Sophie is programme manager for the Food Industry Intelligence Network (fiin), an organisation that supports the food industry to share data and collaborate to promote supply chain integrity. She has recently completed a PhD at Queens University Belfast on food fraud risks in seafood supply chains. Prior to her PhD, she worked for the UK Food Standard Agency’s National Food Crime Unit where she assessed and managed inbound intelligence on food fraud. During the first part of her career, she worked in the corporate sector managing commercial relationships with corporate and government entities for Thomson Reuters and Dow Jones.
Kevin has a BSc degree in Biological Science from the University of Portsmouth.
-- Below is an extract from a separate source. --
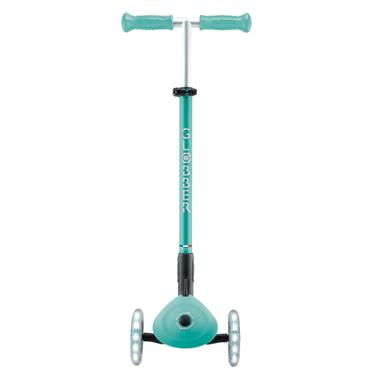 Globber Elite Deluxe Işıklı Scooter - Koyu Mint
Ron was initially a consultant for Food Standards Scotland and became the Head of the Scottish Food Crime & Incidents Unit (SFCIU) in 2016 after being asked to build a food crime capability by the Chief Executive. A former Senior Police Officer in Scotland, he retired from the Police in 2015, after 30 years’ service. During this period, he served in a number of operational policing roles. For the last five years of his police service, he was specifically involved in leading the investigation into serious and organised crime as Force Authorising Officer and Head of Intelligence for Tayside Police. In that role he was responsible for all force covert activity. Latterly Ron worked within the Police Service of Scotland’s intelligence function and performed the role of Intelligence Commander for the Ryder Cup at Gleneagles. In addition to his role at FSS he is also the current chair of the Global Alliance on Food Crime.
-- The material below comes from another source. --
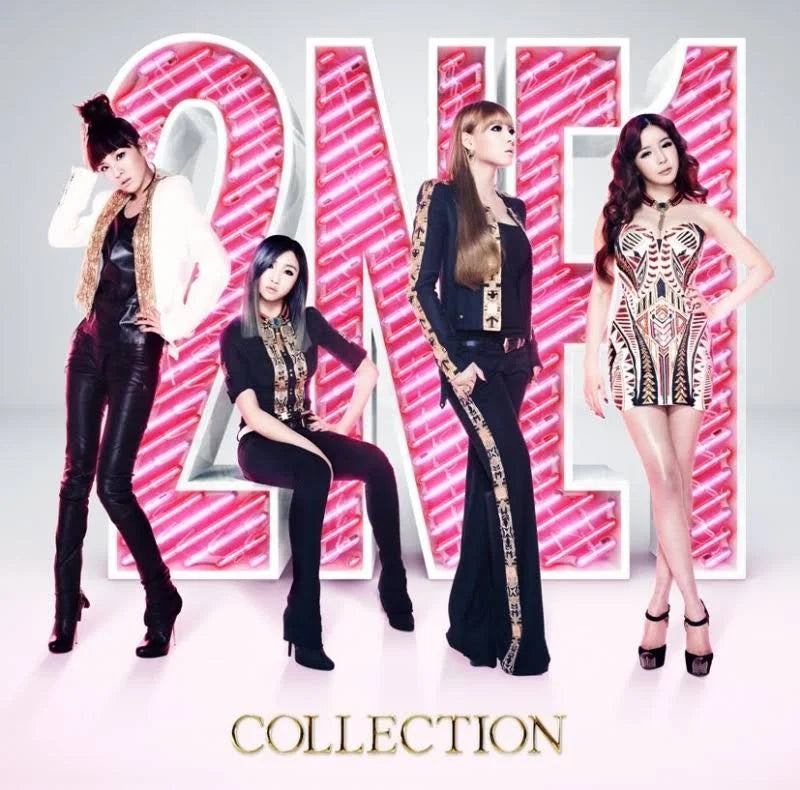 2NE1 - Collection [Japan CD + 2 DVD Ver.]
Selvarani is a fellow of the Royal Society of Chemistry and the Institute of Food Science and Technology. In 2020, she was awarded an MBE for services to food measurement services.
Luke Withers, Lockton
Following a degree in Safety, Health and Environmental Management, Luke has spent the last 13 years working in risk and insurance, focusing primarily on client service and leadership for complex, corporate and multinational organisations. He spent several years working at NFU Mutual and as a group secretary for the NFU; he has worked with some of the UK’s largest food and beverage organisations, placing and managing their insurance programmes, advising on risk management and dealing with complex multi-million pound claims. Luke currently leads the food, agri and beverage practice for Lockton in the UK, which is the businesses largest industry segment with several of the largest food and beverage businesses as their clients.
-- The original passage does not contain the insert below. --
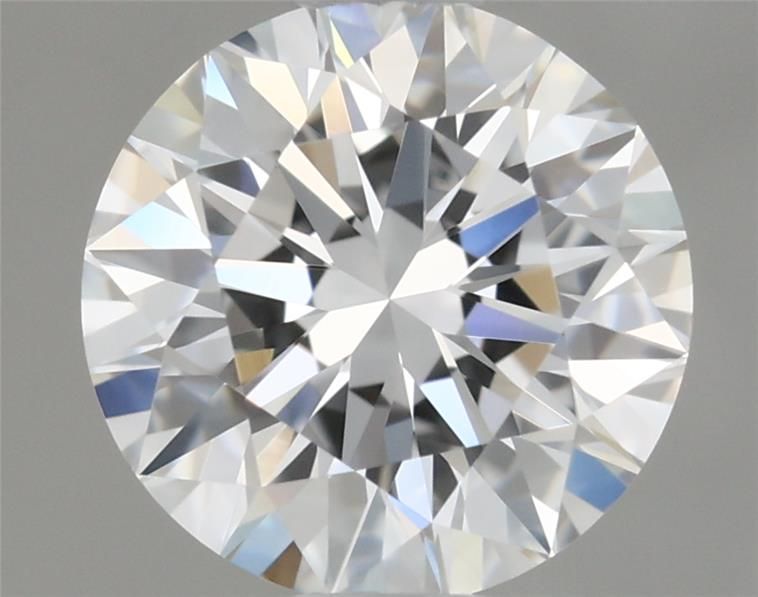 Diamante Naturale Taglio Brillante 0.6ct EX/VG/EX D VVS1 - GIA - 5.37x5.4x3.38mm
Julia Johnson, Instinctif Partners
An experienced risk and crisis practitioner and a food industry specialist, Julia devises and implements risk and crisis preparedness programmes for companies across the food industry spectrum. She leads Instinctif Partners’ crisis training relationship with the European Food Safety Authority (EFSA) – now in its 12th year – and heads our service for AXA XL recall insurance policyholders, which includes over 40 food businesses.